## INPUT MATERIAL

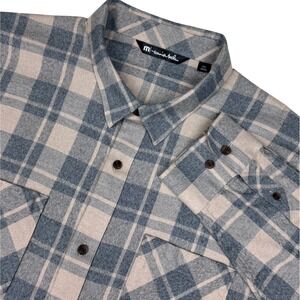Travis Mathew Plaid Flannel Long Sleeve Button Down Shirt Mens XXL Modern Casual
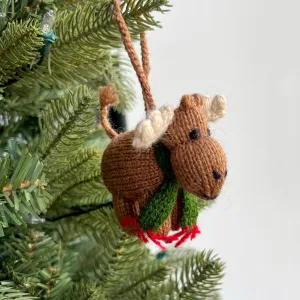 Moose Ornament, Knit Wool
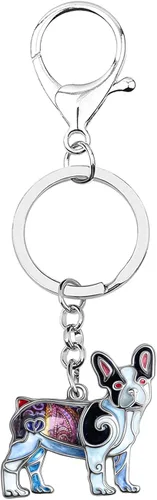 Vista 4 de Enamel Alloy French Bulldog Keychain Pet Dog Keyring For Women Girls Bag Wallet Charms Gift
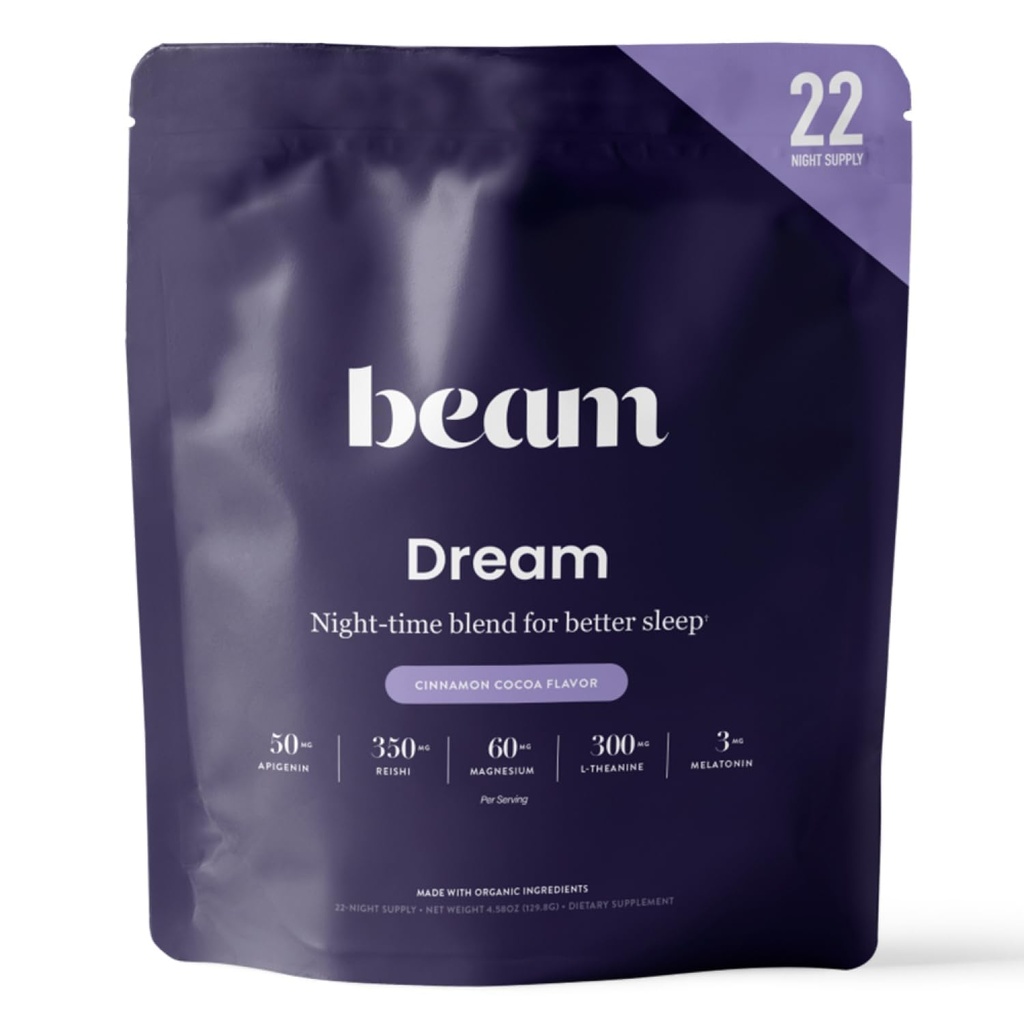 Beam Dream Sleep Powder, L- Theanine, Apigenin, Reishi dan Magnesium, Third Party Tested Natural Sleep Aid & Sleep Suplement for Deep Sleep, Relaxation dan Recovery, Natural Sleep Support, 22 Servis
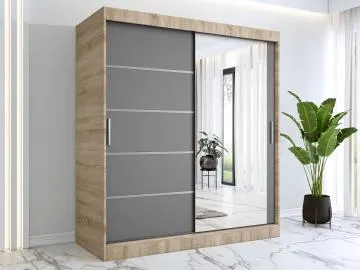 Szafa przesuwna MODUO COMFORT 2 180 dąb sonoma/antracyt z lustrem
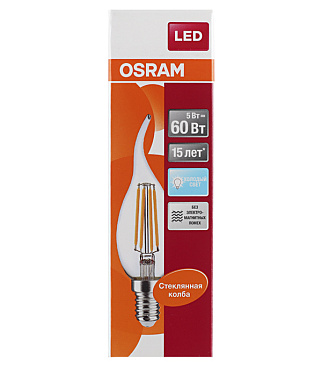 Лампа светодиодная филаментная Osram E14  4000К 5 Вт 600 Лм 220-230 В свеча на ветру прозрачная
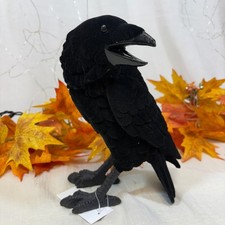 Halloween Resin Black Standing Crow Raven Figure Decor Prop Spooky Flocked 8"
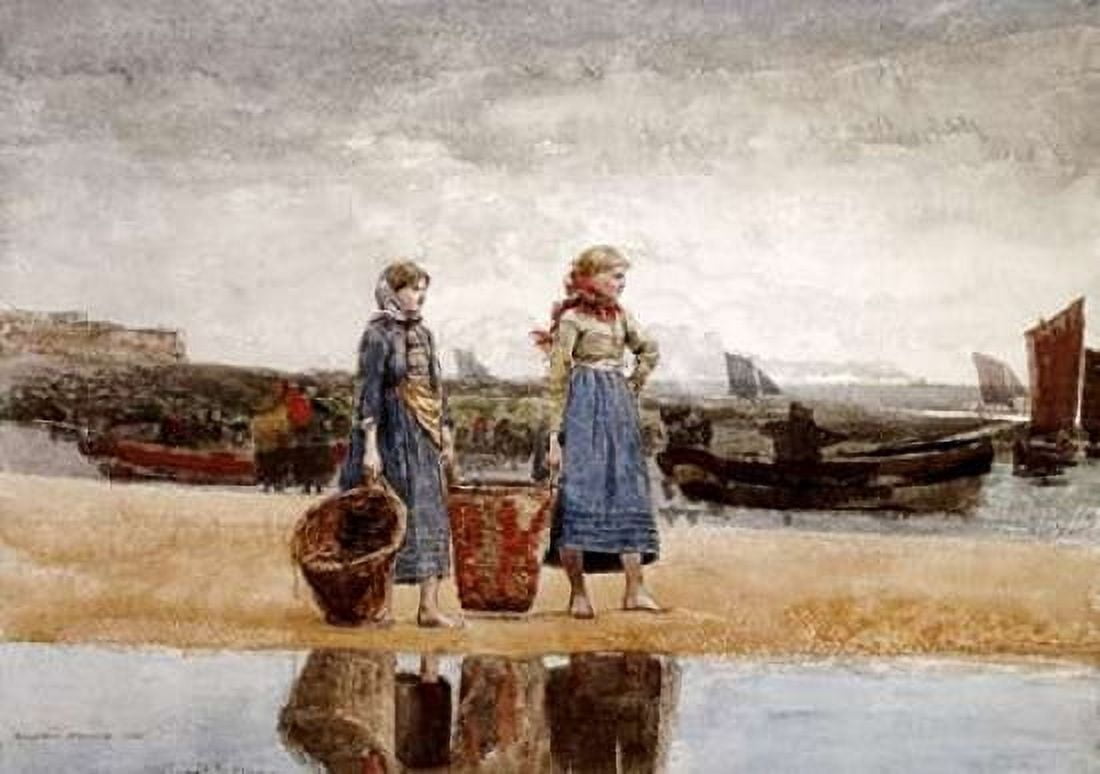 Two Girls on The Beach Tynemouth Canvas Art - Winslow Homer (20 x 28)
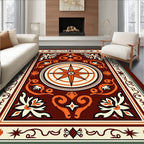 Ornate Coral Compass Rose Rug
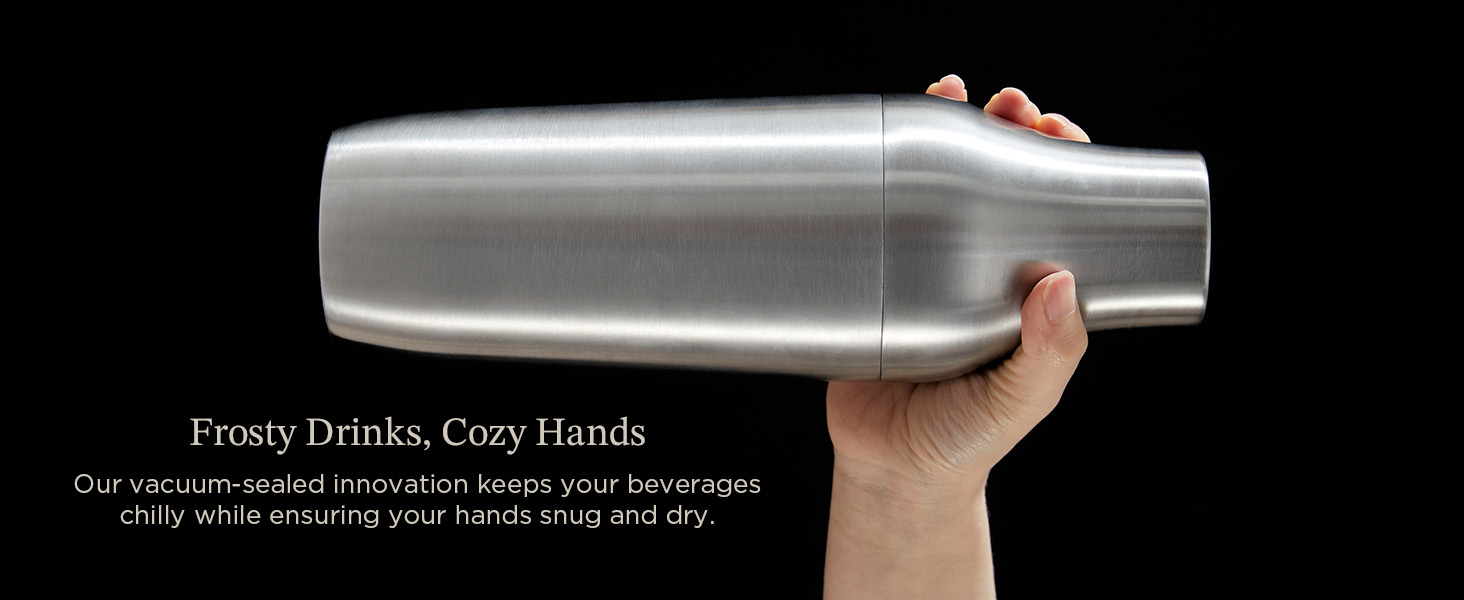 Kitessensu Hybrid Cocktail Shaker | Vacuum Insulated Stainless Steel Martini Shaker with Double Wall Martini Cup | Integrated Measuring System | Tumbler Lid & Cocktail Recipes Included | Crown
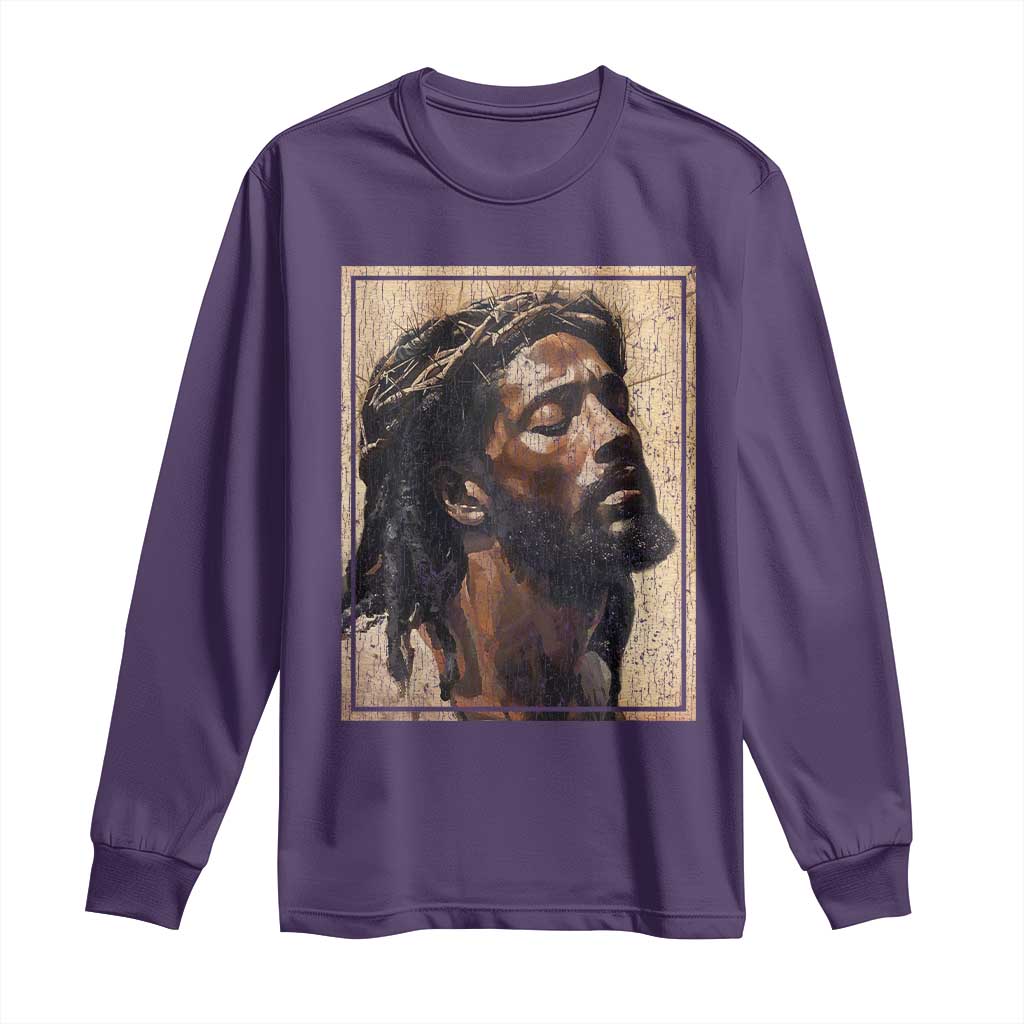 Religious Black Jesus With Crown Of Thorns Long Sleeve Shirt TS11 Purple Print Your Wear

## YOUR INSTRUCTIONS
Starting with the line that has "Kitessensu Hybrid Cocktail" and ending with the last line of the records, retype every line exactly and only those lines. Do not include the pictures.

## EXERCISE SOLUTION
 Kitessensu Hybrid Cocktail Shaker | Vacuum Insulated Stainless Steel Martini Shaker with Double Wall Martini Cup | Integrated Measuring System | Tumbler Lid & Cocktail Recipes Included | Crown
 Religious Black Jesus With Crown Of Thorns Long Sleeve Shirt TS11 Purple Print Your Wear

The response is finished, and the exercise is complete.